Para que lado pende a balança? A verdade é que ninguém quer pagar o preço pelo fracasso da rodada. O que vemos agora é um sparring pelos jornais, cada negociador culpando o próximo e esperando evitar ser aquele que sobra falando sozinho - o que indica, por sua vez, que muito provavelmente não há ainda algo pronto que possa servir de prato (pacote) principal no banquete final de Doha.

Para os grandes, não seria um desastre continuar com acordos pontuais, em que podem obter concessões sem ceder muito e, assim, satisfazer Congressos e Parlamentos e seguir fingindo que gostam de livre comércio. Para os pequenos, tudo depende. O jogo geopolítico que vemos em nossas partes do mundo poderia até se beneficiar de 'menos' OMC. Não haveria o livre comércio para 'atrapalhar' os conchavos políticos com vizinhos ou 'aliados distantes do Sul' - acordos que não resultam em comércio algum, mas que demonstram ao mundo que temos uma política externa ideológica, arcaica e baseada em preceitos inexistentes no mundo atual (desde quando, por exemplo, a China é 'pró-Sul'?). Evo Morales já disse que quer retirar as concessões feitas na Rodada Uruguai - ou seja, ele não está sequer se referindo a Doha!

A verdade é que estamos por um triz de lograr um acordo: falta muito em termos gerais e técnicos, porém pouco em termos específicos e políticos.

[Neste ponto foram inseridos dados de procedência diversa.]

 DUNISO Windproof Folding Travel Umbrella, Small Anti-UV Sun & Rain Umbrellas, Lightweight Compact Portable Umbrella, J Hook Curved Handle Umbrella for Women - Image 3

Três números mágicos nos separam da conclusão: os US$ 15 bilhões ou US$ 18 bilhões de teto para os subsídios domésticos nos EUA, os 54% ou menos de cortes em tarifas agrícolas européias e os 65% ou menos de cortes em tarifas industriais consolidadas do G-20 (ou seja, cortes no teto permitido, e não no que se aplica no dia-a-dia comercial dos países) - os três devidamente amparados por exceções e flexibilidades, é lógico. O resto da rodada? Importante, sim, porém não determinante a ponto de bloquear as negociações de novo.

Doha concluída, o sistema não seria desmoralizado e os cataclismas expostos pelo think tank de Fred Bergsten não se dariam. Os EUA se comprometeriam a manter mais ou menos o que já têm em subsídios agrícolas, e não em cortar substancialmente, como quer o G-20. A União Européia seguiria cortando subsídios domésticos e à exportação de acordo com o que já tinha acordado internamente em Bruxelas, agregando apenas cortes tarifários onde não possa evitar de fazê-lo. O G-20 se comprometeria a aproximar suas tarifas consolidadas na OMC de suas tarifas aplicadas, e até mesmo a cortar algumas aplicadas no processo - algo que é visto como importante, já que a Índia, por exemplo, nem sequer tem todas suas tarifas consolidadas até hoje!

O esforço dos primeiros seis anos do período pós-11 de Setembro se resumiriam, então, a um exercício de manutenção do sistema, e não propriamente de sua recauchutagem. Ou seja, livre comércio mesmo, muito menos do que se esperaria. Desenvolvimento, então, nem falar. A vitória de Doha seria outra: a preservação da previsibilidade nas relações comerciais mundiais e a consolidação de um viés pró-comércio, ainda que tímido, nos compromissos assumidos. Melhor do que isso, impossível.